The accusations and counter accusations from the two principal actors in the unfolding bribery drama have kept many Nigerians wondering about the kind of leaders and representatives they have. If Femi Otedola, a friend of Government and an associate of the President could admit offering a bribe and if Farouk Lawan, a trusted member of the legislature admitted that he took a bribe, it says a lot about the country.
Otedola made claims that Lawan demanded the bribe in order to remove his company from the list of those to be indicted in the oil subsidy scam that rocked the nation earlier in the year.
The billionaire businessman’s claim was that since he knew his company did not break any law, he called in law enforcement agents who advised him to play along in order to have evidence with which the lawmaker could be nailed at the appropriate time.
Otedola stated that Honourable Lawan collected $500,000 in cash while the secretary of the ad hoc committee that carried out the probe, Boniface Emenalo, collected $120,000 in two installments of $20,000 and $100,000 respectively.
Otedola also made it known that the money that was given to Lawan was got from the State Security Service (SSS).
Surprisingly, Lawan who had denied taking the bribe in an earlier statement recanted and disclosed that he actually collected money from the oil magnate. Lawan however said he accepted the money to expose the businessman. Lawan also claimed that he informed the police and members of the House of Reps about the issue.
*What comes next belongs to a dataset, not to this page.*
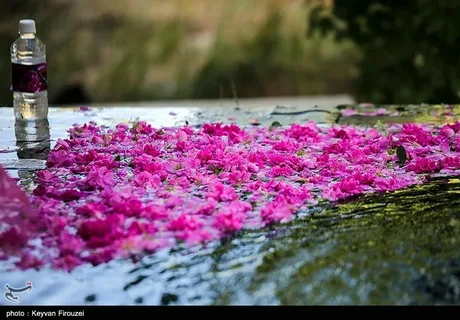 تصویر 3 از معرفی عرق گلاب خانگی + بهترین قیمت خرید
Lawan also alleged that the Secretary of the Committee, Boniface Emenalo told him that Otedola offered him $ 100,000 whereas Otedola alleged that Emenalo collected $ 120,000 from him.
The tide however seems to have turned against the lawmaker as he remains the subject at the centre of the bribery saga. A fresh N 11 billion bribery allegation has also come up.
The Fresh N 11 Billion Allegation!
While the $ 620,000 allegation is still generating hues and cries, police authorities are already looking into another allegation of N 11 billion. Oil marketing companies were alleged to have paid some members of the ad hoc committee. Though the police are keeping sealed lips on the matter, it is already being said in hushed tones that some marketers had “settled” in order to be absolved of blames by the committee.
It came as a surprise to many that a former President whose 8 years in office were fraught with various allegations of monumental corruption could have the effrontery to describe the House of Reps as a collection of armed robbers. Alas, Farouk Lawan seems to have proved that the former President has a point.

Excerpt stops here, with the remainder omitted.